#### SOURCE MATERIAL:
-------
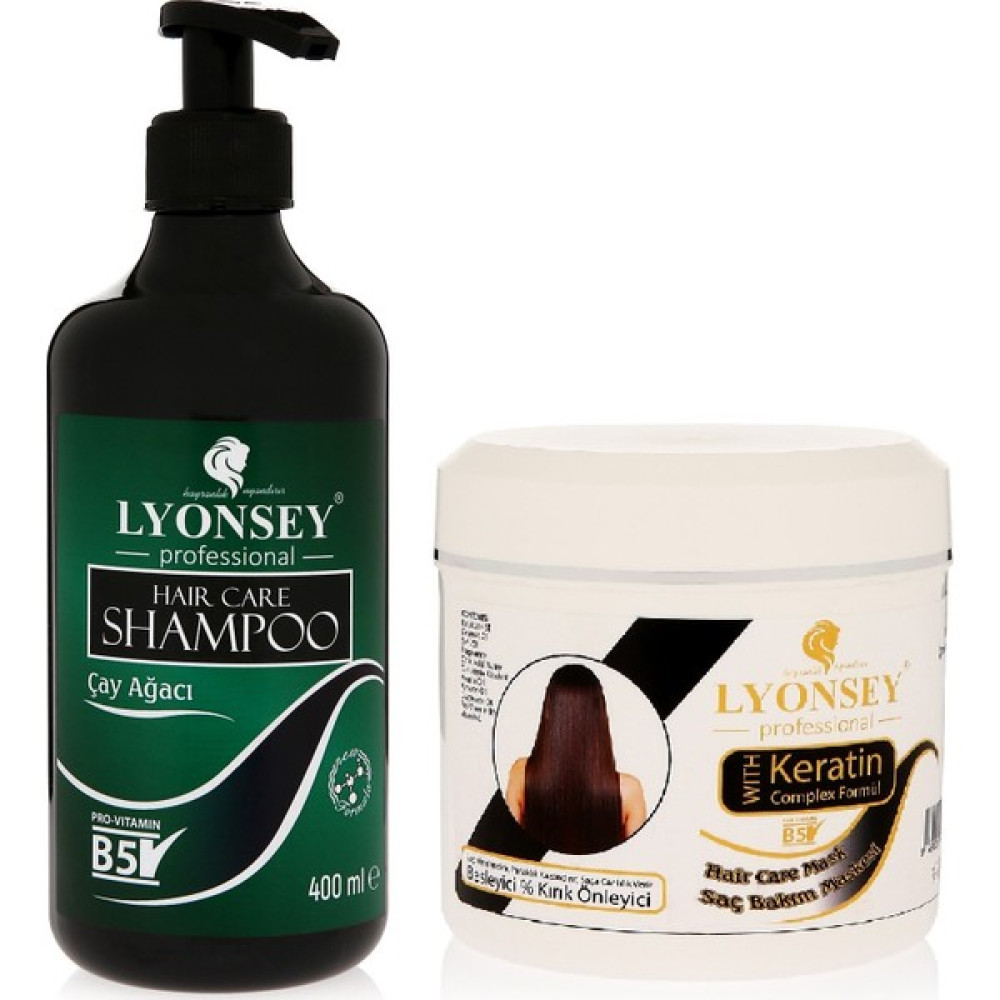 Lyonsey Çay Ağacı Şampuanı 400 ml + Keratin Komplex Saç Maskesi 500 ml Oto Boyaları Fiyatı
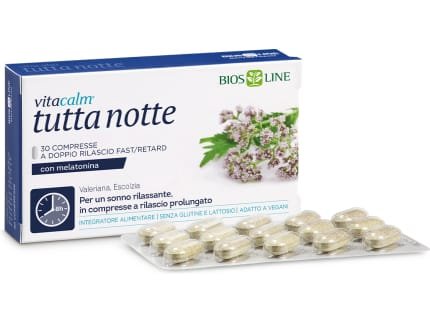 VitaCalm Tutta Notte con Melatonina biosline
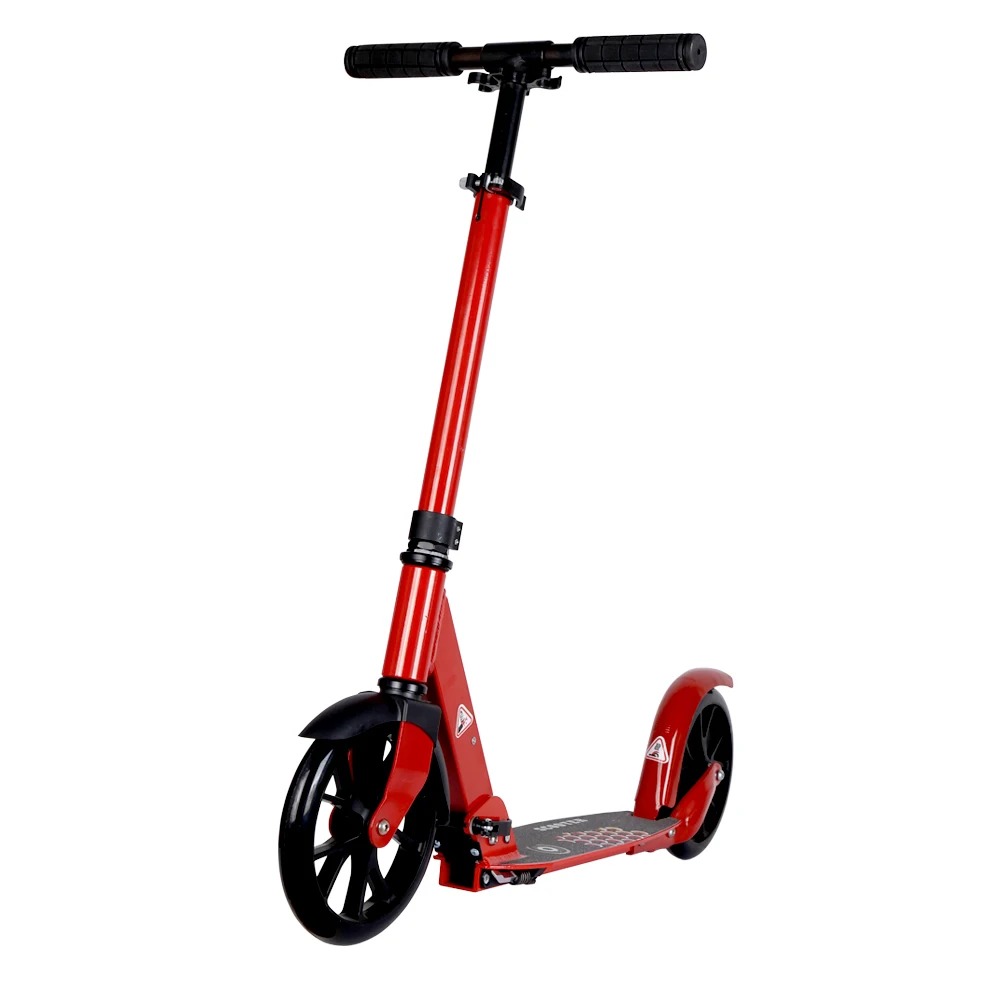Adult Kick Scooter with Handbrake City Mobility Two Wheel Aluminum Pedal Adult Kick Wide Wheel Drift Scooter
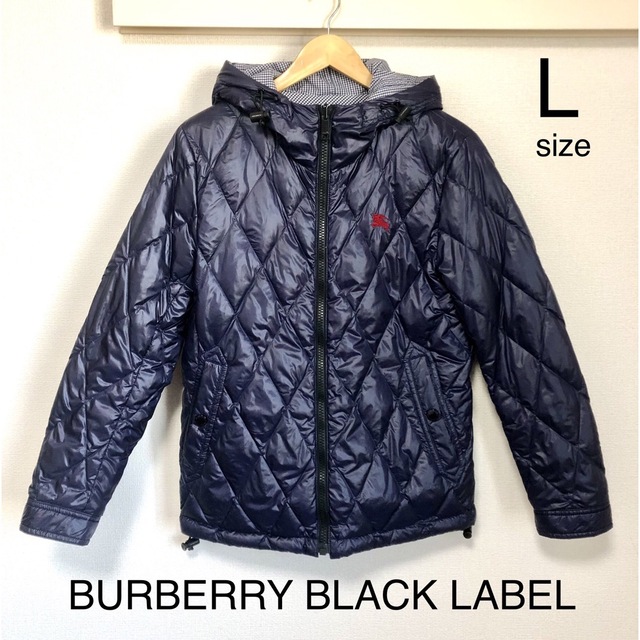 BURBERRY BLACK LABEL(バーバリーブラックレーベル)の【BURBERRY BLACK LABEL 】リバーシブルダウンジャケット メンズのジャケット/アウター(ダウンジャケット)の商品写真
-------
#### WHAT NEEDS TO BE DONE:
The material above should be returned exactly, without pictures.

#### REPLY TO THE EXERCISE:
 Lyonsey Çay Ağacı Şampuanı 400 ml + Keratin Komplex Saç Maskesi 500 ml Oto Boyaları Fiyatı
 VitaCalm Tutta Notte con Melatonina biosline
Adult Kick Scooter with Handbrake City Mobility Two Wheel Aluminum Pedal Adult Kick Wide Wheel Drift Scooter
 BURBERRY BLACK LABEL(バーバリーブラックレーベル)の【BURBERRY BLACK LABEL 】リバーシブルダウンジャケット メンズのジャケット/アウター(ダウンジャケット)の商品写真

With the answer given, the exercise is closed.